Chapter Text
george remembers the moment his world shattered, right down to the minute.
he remembers feeling the warm breeze of florida wind sneaking into his room, right past his curtains. he remembers hearing distant cars, hums of traffic that filled his apartment with white noise. he remembers cracking his knuckles, stretching with a yawn because of the ungodly hour of night. he remembers going to check the time, to see how warranted his exhaustion was. the 2:27 from his phone taunted him, and he almost wanted to stick his tongue out at it before he realized. that’s his phone.
an equally tired voice murmured in his headset, in tones he wasn’t meant to hear, surely.
“what’s up, i’m on call,” george’s friend mumbled. george lifted his head some. “no, i’ll be in bed in a minute, love you.”

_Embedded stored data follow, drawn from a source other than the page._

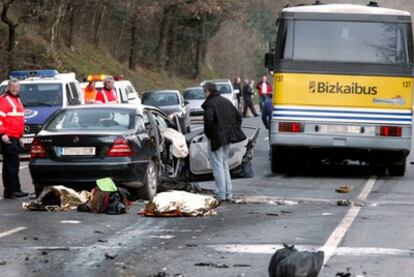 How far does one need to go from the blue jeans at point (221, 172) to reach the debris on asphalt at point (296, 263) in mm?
5696

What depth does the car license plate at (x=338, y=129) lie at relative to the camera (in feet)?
56.7

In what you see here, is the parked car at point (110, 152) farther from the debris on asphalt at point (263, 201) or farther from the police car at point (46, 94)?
the police car at point (46, 94)

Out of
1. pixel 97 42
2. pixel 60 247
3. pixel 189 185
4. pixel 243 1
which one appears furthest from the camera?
pixel 243 1

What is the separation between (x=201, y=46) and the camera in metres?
63.7

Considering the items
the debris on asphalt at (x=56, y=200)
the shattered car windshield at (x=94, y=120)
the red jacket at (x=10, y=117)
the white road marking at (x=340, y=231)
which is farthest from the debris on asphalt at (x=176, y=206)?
the red jacket at (x=10, y=117)

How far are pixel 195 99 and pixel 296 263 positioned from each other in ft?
115

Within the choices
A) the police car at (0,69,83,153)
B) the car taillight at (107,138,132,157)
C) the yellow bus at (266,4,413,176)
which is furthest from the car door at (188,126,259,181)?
the police car at (0,69,83,153)

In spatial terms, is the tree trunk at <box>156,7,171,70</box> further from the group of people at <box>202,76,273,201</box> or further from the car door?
the group of people at <box>202,76,273,201</box>

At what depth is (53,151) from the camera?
1323cm

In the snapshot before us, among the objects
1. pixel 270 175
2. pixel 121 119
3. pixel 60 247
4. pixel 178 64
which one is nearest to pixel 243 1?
pixel 178 64

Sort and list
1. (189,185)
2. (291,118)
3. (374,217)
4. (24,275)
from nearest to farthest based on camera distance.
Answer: (24,275) < (374,217) < (189,185) < (291,118)

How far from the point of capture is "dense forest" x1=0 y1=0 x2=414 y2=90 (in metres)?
38.8

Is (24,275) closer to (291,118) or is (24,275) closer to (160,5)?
(291,118)

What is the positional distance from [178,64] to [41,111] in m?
40.8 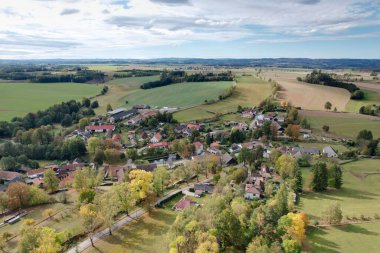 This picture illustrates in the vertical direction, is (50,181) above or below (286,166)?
below

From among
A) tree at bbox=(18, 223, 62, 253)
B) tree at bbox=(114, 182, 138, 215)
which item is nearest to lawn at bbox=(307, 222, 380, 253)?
tree at bbox=(114, 182, 138, 215)

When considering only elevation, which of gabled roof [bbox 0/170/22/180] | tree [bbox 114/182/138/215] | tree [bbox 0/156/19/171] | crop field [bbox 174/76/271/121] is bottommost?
gabled roof [bbox 0/170/22/180]

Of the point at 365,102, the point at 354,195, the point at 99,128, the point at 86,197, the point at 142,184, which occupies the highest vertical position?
the point at 365,102

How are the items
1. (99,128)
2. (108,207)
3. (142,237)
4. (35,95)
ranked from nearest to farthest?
(142,237)
(108,207)
(99,128)
(35,95)

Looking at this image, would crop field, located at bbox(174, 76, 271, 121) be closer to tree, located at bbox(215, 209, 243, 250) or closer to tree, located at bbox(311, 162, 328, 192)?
tree, located at bbox(311, 162, 328, 192)

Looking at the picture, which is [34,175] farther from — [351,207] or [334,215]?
[351,207]

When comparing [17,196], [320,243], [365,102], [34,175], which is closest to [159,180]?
[17,196]

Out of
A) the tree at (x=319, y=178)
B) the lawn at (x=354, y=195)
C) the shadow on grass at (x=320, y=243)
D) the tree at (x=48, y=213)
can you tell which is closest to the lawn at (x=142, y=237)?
the tree at (x=48, y=213)

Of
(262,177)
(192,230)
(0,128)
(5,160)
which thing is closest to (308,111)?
(262,177) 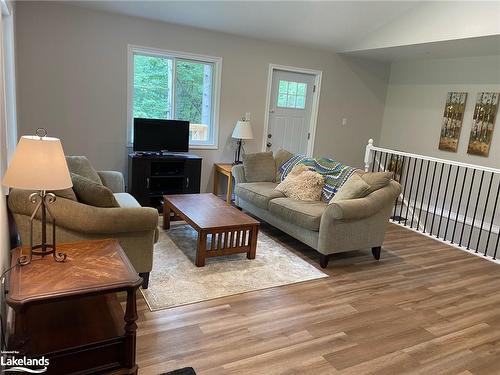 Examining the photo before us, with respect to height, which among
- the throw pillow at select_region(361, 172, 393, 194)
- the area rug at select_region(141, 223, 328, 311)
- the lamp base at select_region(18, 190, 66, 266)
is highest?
the throw pillow at select_region(361, 172, 393, 194)

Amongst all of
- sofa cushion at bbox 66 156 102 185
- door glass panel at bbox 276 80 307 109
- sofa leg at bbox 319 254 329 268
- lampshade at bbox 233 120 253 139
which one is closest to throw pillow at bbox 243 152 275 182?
lampshade at bbox 233 120 253 139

george wasn’t tired anymore. “who was that, dream?”
“who was what?” he earned in reply. and what a sufficient reply, too. thanks, dream.
“who were you just talking to?”
“oh, that? that was... um, patches.”
george wanted to laugh at that, he honestly did, and maybe if he was slightly less sleep deprived he would find the decency to laugh about it and not be awkward.
but he wanted answers just a bit more.
george swallowed dust on his tongue, ignoring the goosebumps licking his arms.
“dream? who was it?”
“... your mom.” george could almost hear a plea, a sewn in beg that the response would throw george off his tail. but george’s head was caked in salt and snow, fear and nerves. he probably knew the answer before it was said.
“dream.”
“alright, alright,” dream let up, and george caught his breath, waiting. his monitor had tiny numbers in the corner, 2:28 AM.
“that was my girlfriend.”
george hates broken glass. it scares him when it shatters, takes forever to clean, and if you aren’t careful, leaves splintered shards on the floor to step on for months to come.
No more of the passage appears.